Pastor Michael Walrond Jr. (36265)

I do not believe that anyone likes to feel as though they have been lied to or deceived. In fact, I know that the sting of dishonesty and deception are intensified when we feel as though we have been misled by a loved one.

We have a tendency to place a tremendous premium on honesty in relationships, and in some cases, honesty, or the lack thereof, becomes a litmus test for the sustainability of particular relationships. Many relationships have been wounded and damaged beyond repair because of a breach of trust or the discovery of webs of deception that prove intolerable.

As painful as the discovery of dishonesty and deceitfulness in a relationship may be, there is a deceit I believe is even more tragic: self-deception. I am convinced that the inability to be honest with ourselves about who we are can have disastrous consequences. I cannot begin to explain the torture to the soul that is incurred when individuals exhibit the inability to be honest with themselves, and yet there are many who live this tortured life.

Why is it so difficult to be honest with ourselves? There are numerous contributing factors that lead to gross self-deception, but I want to highlight a couple of factors. First, I have discovered that for some, it is difficult to be honest because there are things about ourselves that are difficult to look at and painful to admit. The pain and difficulty become unbearable partly because we begin to think that the things about ourselves that are troubling are definitive.
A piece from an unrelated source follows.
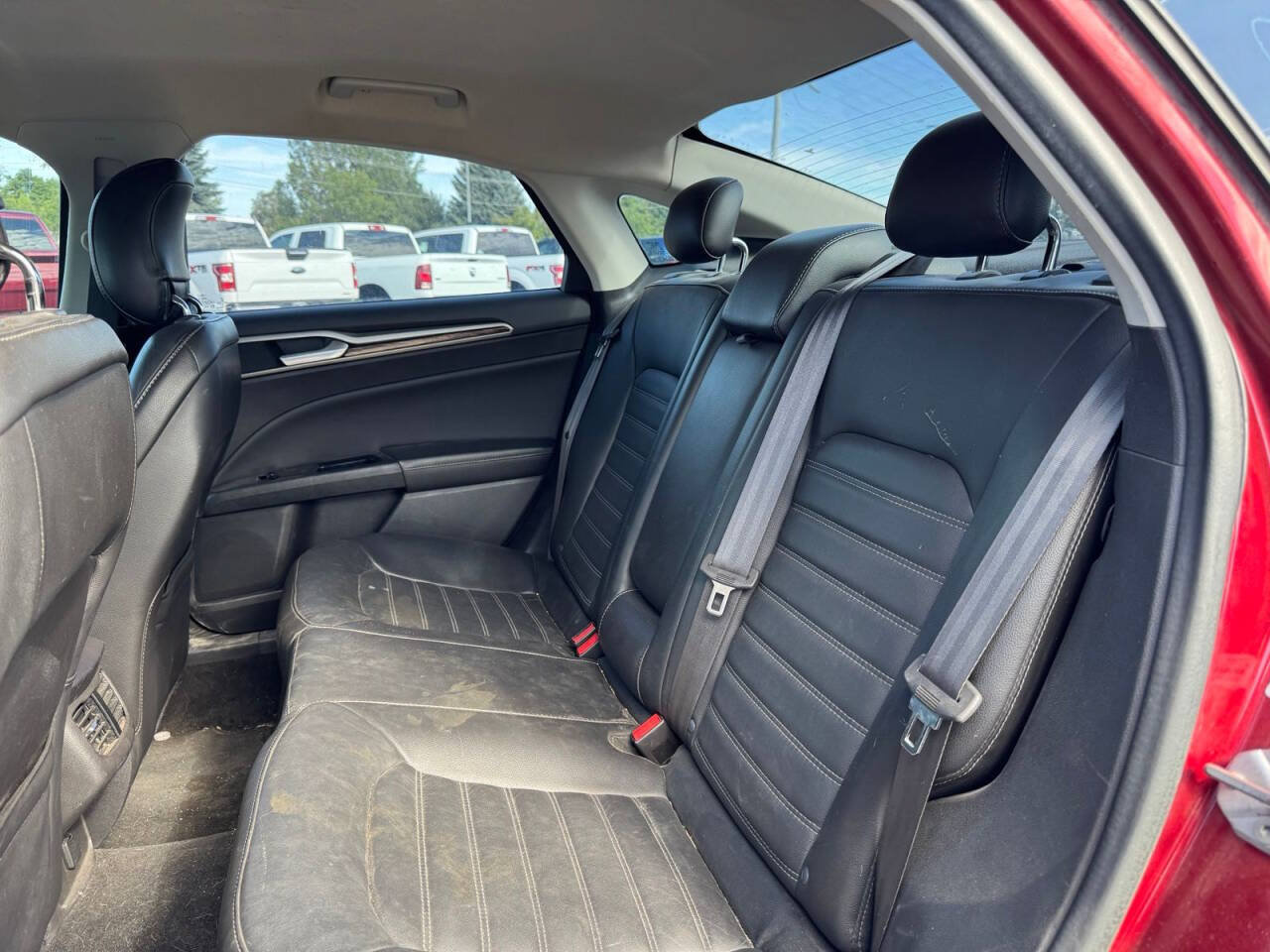 Used 2014 Ford Fusion SE w/ Equipment Group 202A FWD image 12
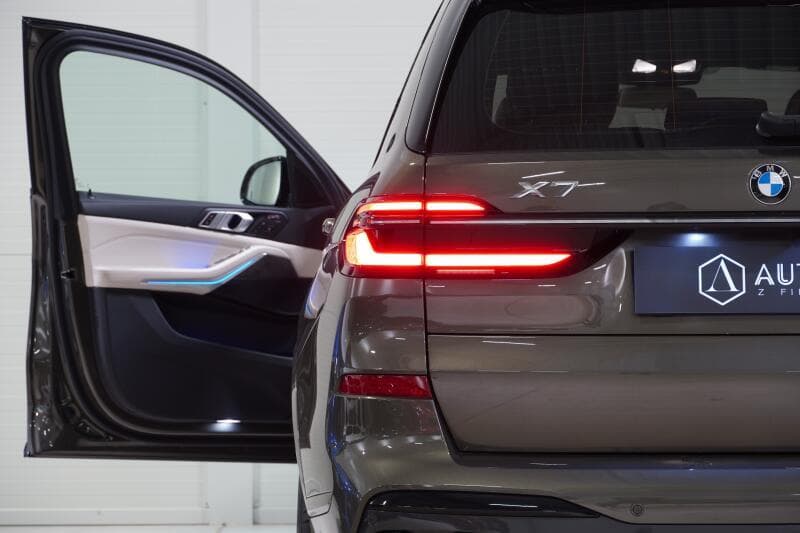 2024 BMW X7 - 9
In other words, we look at ourselves and measure ourselves by the things about us that we do not like. When we only see what is problematic about ourselves, we have a tendency to view ourselves as a problem. Constantly viewing yourself as a problem can cause deep emotional damage that can lead to the development of coping mechanisms in order to alleviate the pain. One of those coping mechanisms is self-deception. Therefore, in order to avoid what is disconcerting, individuals create an illusion about who they are–an alternative personal narrative–so that confrontation with the truth is circumvented. This is all done in an effort to avoid the perceived problematic self.

Secondly, it may be difficult to be honest with ourselves because the things about ourselves that we do not like may have been birthed in a place of deep wounds–a place that we do not desire to revisit. There are so many of us who live with unhealed wounds–wounds that have been abrasive to our souls. In fact, I would say that many live with these open wounds because healing has been avoided, especially if healing necessitates a confrontation with and in that wounded place.

Therefore, there is an attempt to live as though the wounds are not real, and if the wounds are viewed as not real, then what the wounds birth is also perceived as not being real. This means that in order to facilitate the dishonesty about the things about ourselves that we do not like, we simply render the wounds as fraudulent. Acting as though the wounds are not real or that the damage never happened helps to alleviate the responsibility of being honest with ourselves about ourselves.

If we are going to live lives that are filled with possibility and promise, it may be that the beginning of the process is being honest about who we are. I know that there may be things about you that you do not like, but you have to resolve in your heart that those things do not define you. We all have struggles and issues, but they cannot become the lens by which we view our lives. There is much joy and peace that is waiting on the other side of your healing. Today, live boldly and begin the journey to the healed you!